The NYT and its relationship with CNBC

September 30, 2009

TALKING BIZ NEWS EXCLUSIVE

In Monday’s New York Times, business reporter Brian Stelter wrote a nicely detailed story about CNBC affiliates overseas and how their content is often more subdued than their American counterpart.

The story included analysis that the Times is known for, and it’s a story about a major media property that has gone ignored.

One important fact was missing from the story, however. Since January 2008, the Times and CNBC have had a content-sharing agreement mostly involve posting Times articles and other written material on CNBC’s site, and CNBC video on the Times site. That relationship was not mentioned in the story.

Such a disclosure has become more important in business journalism in recent years. The Times, for example, recently increased its disclosures related to technology columnist David Pogue‘s content to reflect his business relationships with some of the companies he writes about after criticism was raised.

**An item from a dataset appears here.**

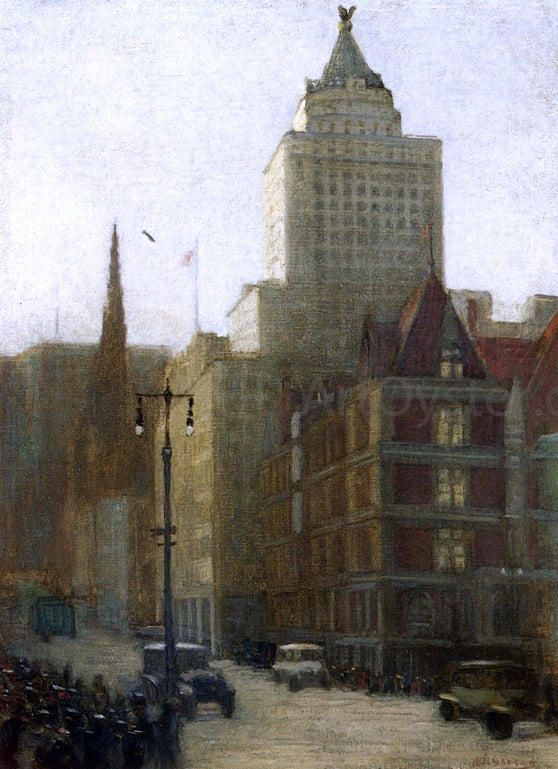  Aaron Harry Gorson 57th Street at Fifth Avenue - Art Print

Business editor Larry Ingrassia told Talking Biz News that such disclosures are decided on a case-by-case basis. He said that the paper didn’t feel as if such a disclosure was needed in Stelter’s story because the article was about a small piece of CNBC’s business.

“Is this something a reasonable reader needs to know in evaluating a story?” said Ingrassia on Wednesday afternoon. “In this case, probably not. In other cases, it might be.”

Ingrassia added that the Times would be more likely to disclose the relationship with CNBC if it wrote about the competition between CNBC and Fox Business Network.

“Clearly, that has much more relevance,” said Ingrassia. “We try to mention it when we think it’s an impact to the story.”

A search through the paper’s online archives shows that the lack of a disclosure related to the CNBC agreement is not unusual. Since the content sharing agreement with CNBC was announced on Jan. 7, 2008, the Times has run 389 articles mentioning CNBC.

Of those, there were 42 that were either about or significantly mentioned CNBC. Of those, 35 stories did not disclose the paper’s relationship with CNBC.

The Times has run seven stories that mentioned the content-sharing agreement — including the story about the content-sharing agreement — and appended a correction to one story that disclosed the relationship.

An Oct. 2, 2008 story, written by Stelter and Jacques Steinberg, received this correction eight days later: An article last Friday about an increase in television ratings for Fox Business Network and CNBC during the financial crisis omitted CNBC’s relationship to The New York Times. CNBC, which is owned by NBC Universal, has a content-sharing agreement with The Times.